Provided records:
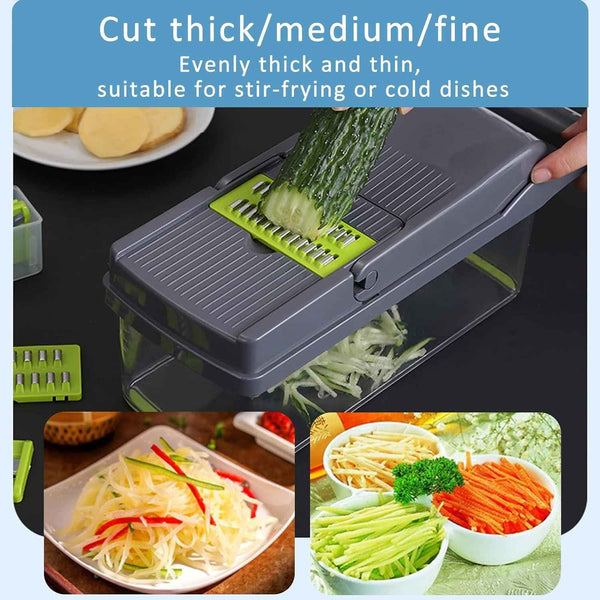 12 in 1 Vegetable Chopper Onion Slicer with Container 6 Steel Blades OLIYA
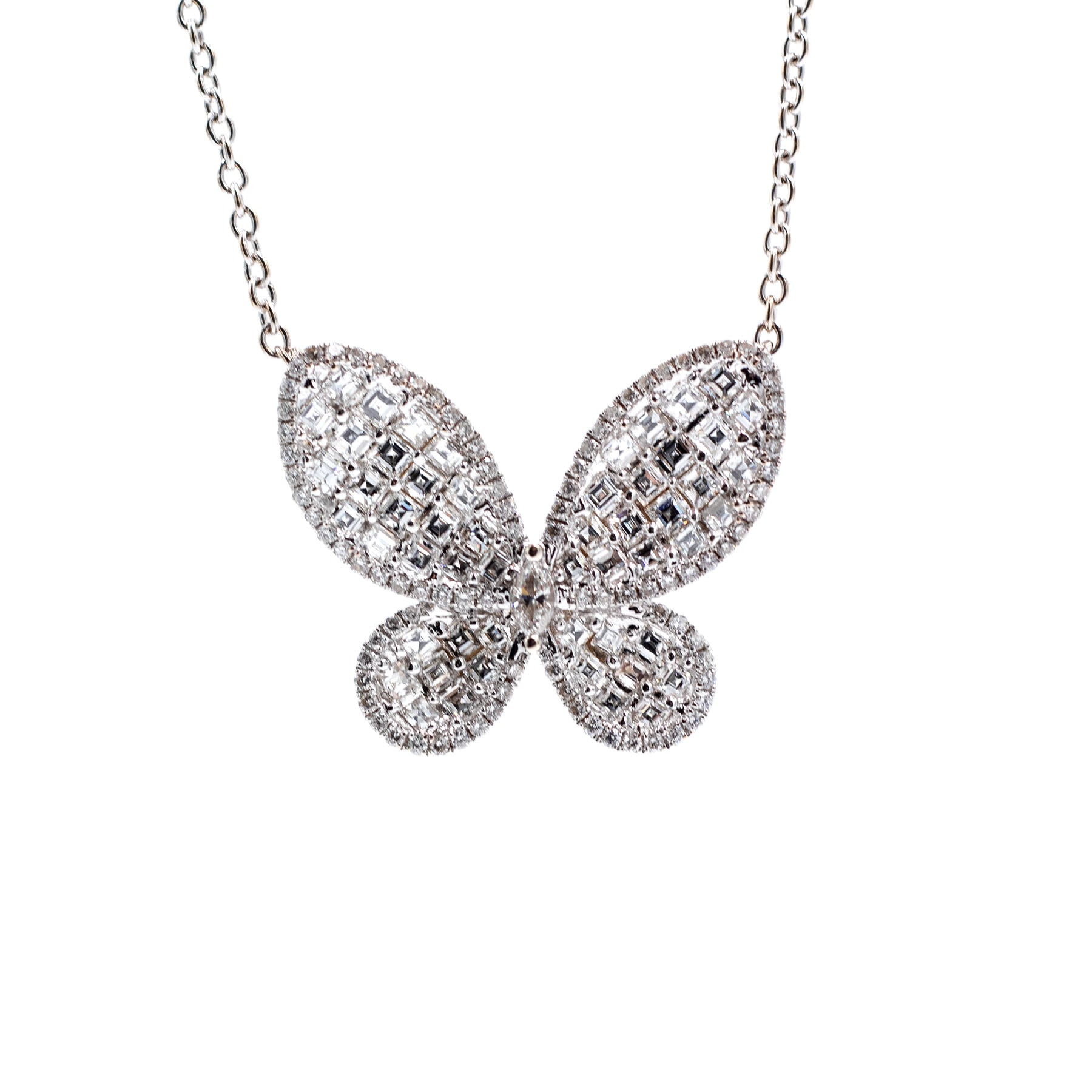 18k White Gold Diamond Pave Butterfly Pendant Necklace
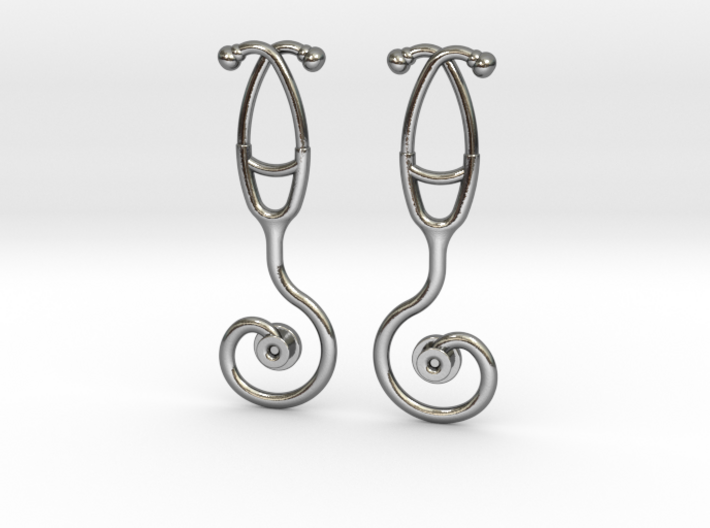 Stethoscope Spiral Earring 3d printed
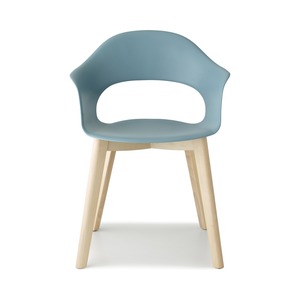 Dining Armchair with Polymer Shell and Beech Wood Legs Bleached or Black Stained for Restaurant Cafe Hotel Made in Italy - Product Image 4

* * *

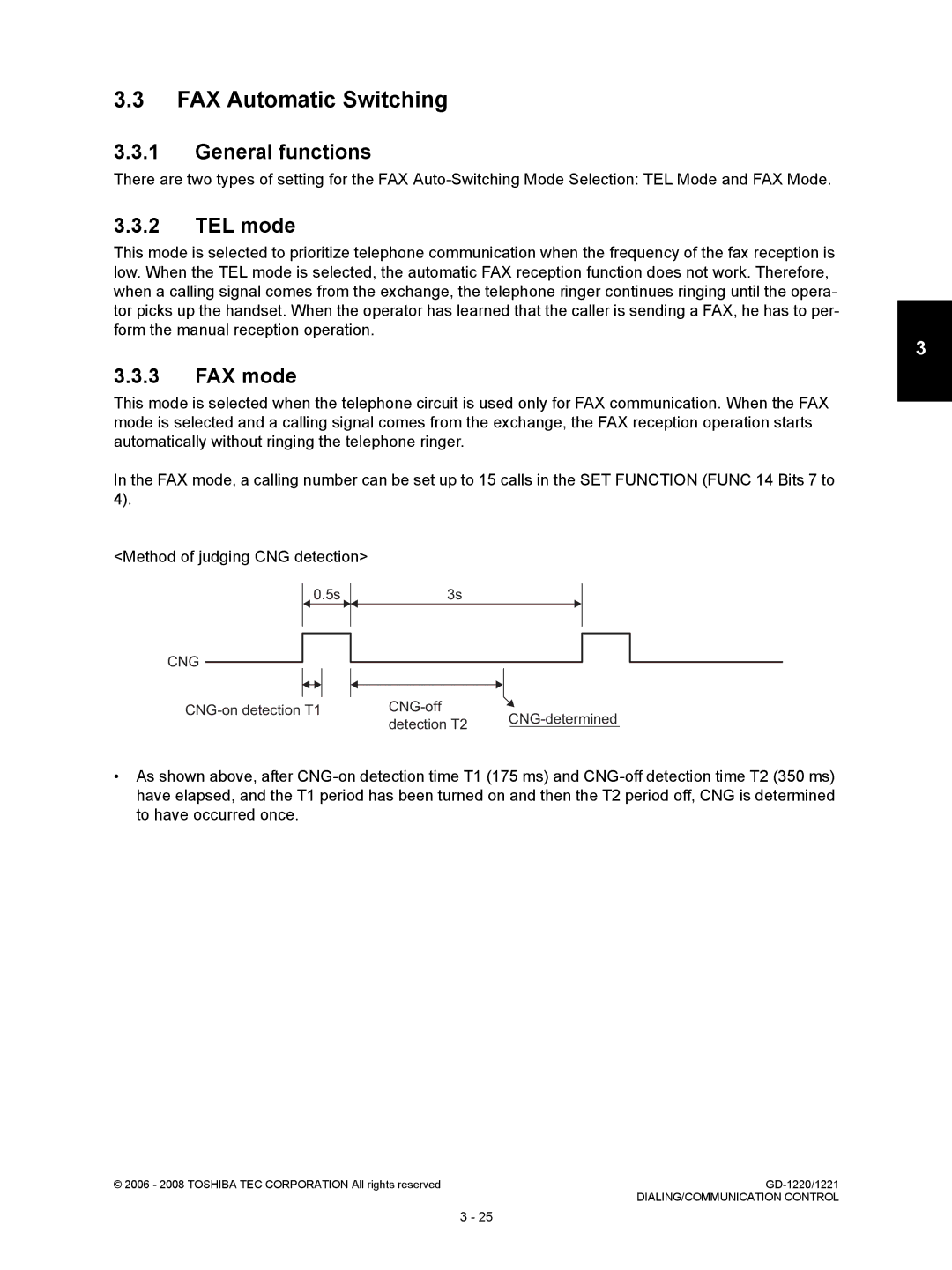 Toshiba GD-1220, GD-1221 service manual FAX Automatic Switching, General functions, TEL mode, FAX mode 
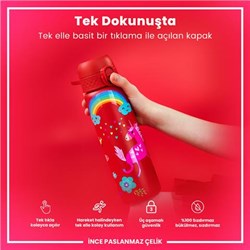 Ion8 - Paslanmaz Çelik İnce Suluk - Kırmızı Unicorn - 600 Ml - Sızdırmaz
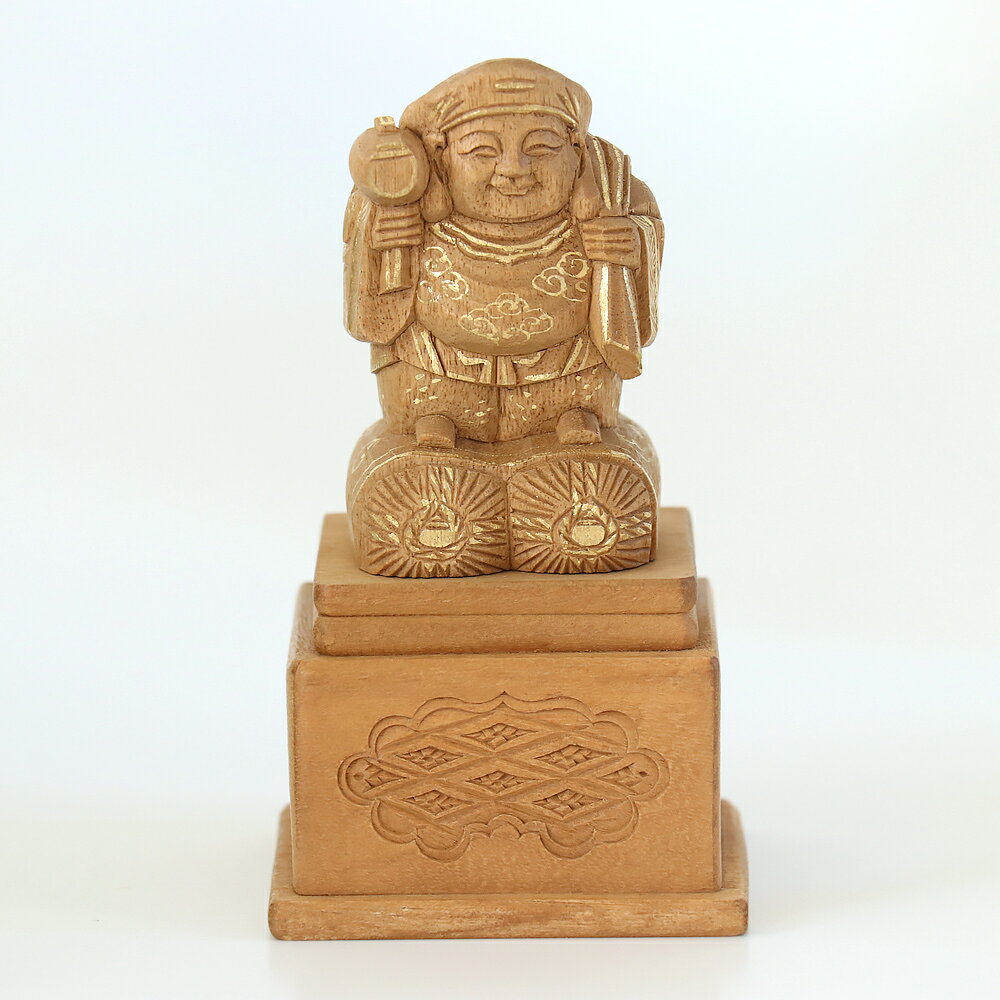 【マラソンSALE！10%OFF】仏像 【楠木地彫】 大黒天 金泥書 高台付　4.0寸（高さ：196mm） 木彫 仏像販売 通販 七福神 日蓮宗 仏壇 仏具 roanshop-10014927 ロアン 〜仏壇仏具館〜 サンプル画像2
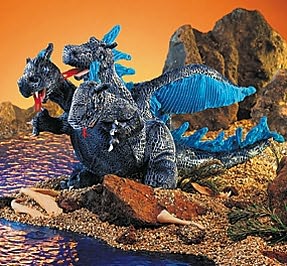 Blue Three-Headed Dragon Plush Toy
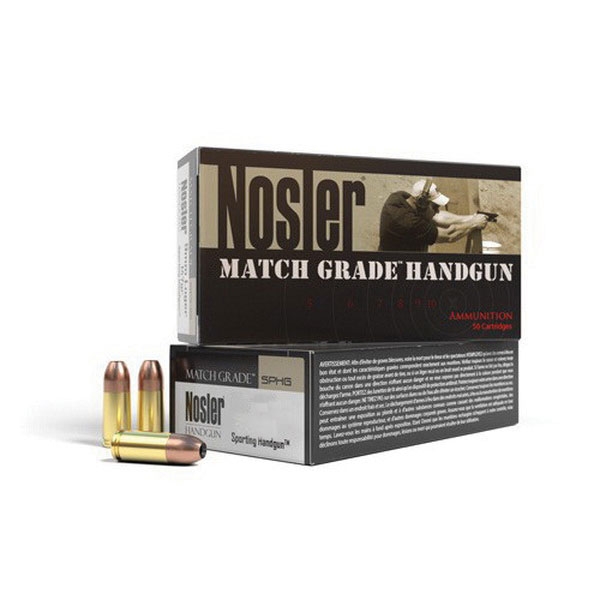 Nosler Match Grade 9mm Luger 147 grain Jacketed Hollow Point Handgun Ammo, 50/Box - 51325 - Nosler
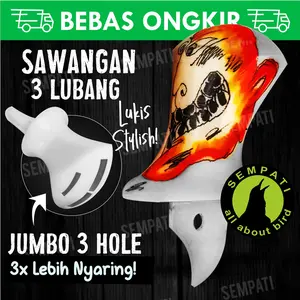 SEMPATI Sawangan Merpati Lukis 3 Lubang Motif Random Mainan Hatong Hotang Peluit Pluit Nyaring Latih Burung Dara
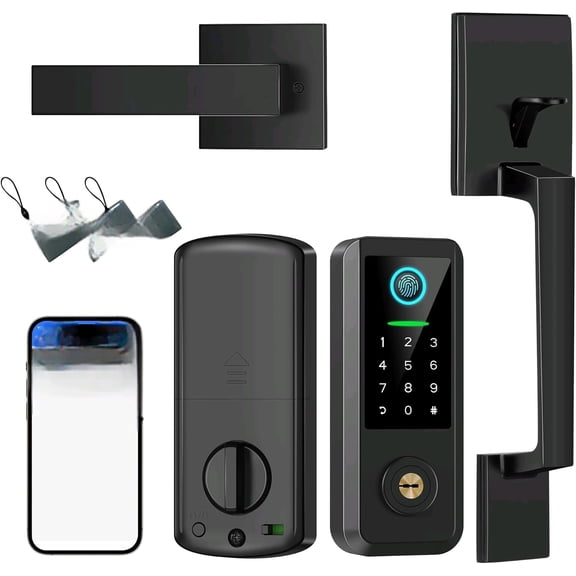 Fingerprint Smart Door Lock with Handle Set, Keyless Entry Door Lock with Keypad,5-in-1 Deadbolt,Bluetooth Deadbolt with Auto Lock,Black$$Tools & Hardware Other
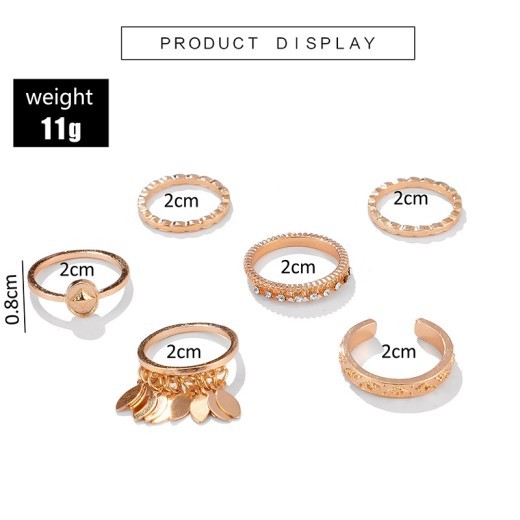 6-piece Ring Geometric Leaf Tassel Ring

==

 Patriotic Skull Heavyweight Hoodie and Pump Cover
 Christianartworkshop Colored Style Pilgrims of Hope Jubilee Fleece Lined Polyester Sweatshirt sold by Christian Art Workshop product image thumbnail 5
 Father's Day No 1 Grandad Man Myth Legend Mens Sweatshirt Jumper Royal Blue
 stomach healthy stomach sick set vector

Task details:
Working from the material above, retype exactly the lines from the one with "Patriotic Skull Heavyweight" through the one with "stomach healthy stomach sick set vector", both included, and only those lines.

Expected answer:
 Patriotic Skull Heavyweight Hoodie and Pump Cover
 Christianartworkshop Colored Style Pilgrims of Hope Jubilee Fleece Lined Polyester Sweatshirt sold by Christian Art Workshop product image thumbnail 5
 Father's Day No 1 Grandad Man Myth Legend Mens Sweatshirt Jumper Royal Blue
 stomach healthy stomach sick set vector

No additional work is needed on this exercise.